▶ [Assigned task] Every line of the records below from the line with "Москва-МКАД на карте" up to and including the line with "Vivienne Westwood Vivienne" must be reproduced exactly, and no line outside that range.

▶ [Available data]
━━━━━━━━━━

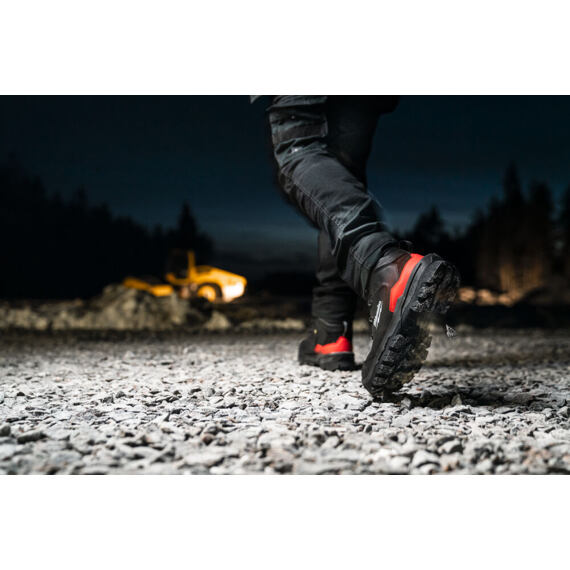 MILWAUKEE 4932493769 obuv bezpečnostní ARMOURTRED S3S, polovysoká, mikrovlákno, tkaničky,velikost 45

━━━━━━━━━━

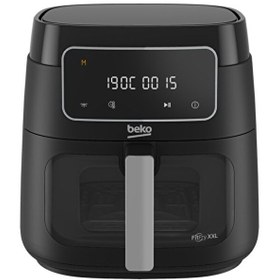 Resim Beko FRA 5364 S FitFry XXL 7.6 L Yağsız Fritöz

━━━━━━━━━━

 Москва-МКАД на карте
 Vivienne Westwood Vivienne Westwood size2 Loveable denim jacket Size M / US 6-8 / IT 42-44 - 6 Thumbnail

━━━━━━━━━━

▶ [Written solution]
 Москва-МКАД на карте
 Vivienne Westwood Vivienne Westwood size2 Loveable denim jacket Size M / US 6-8 / IT 42-44 - 6 Thumbnail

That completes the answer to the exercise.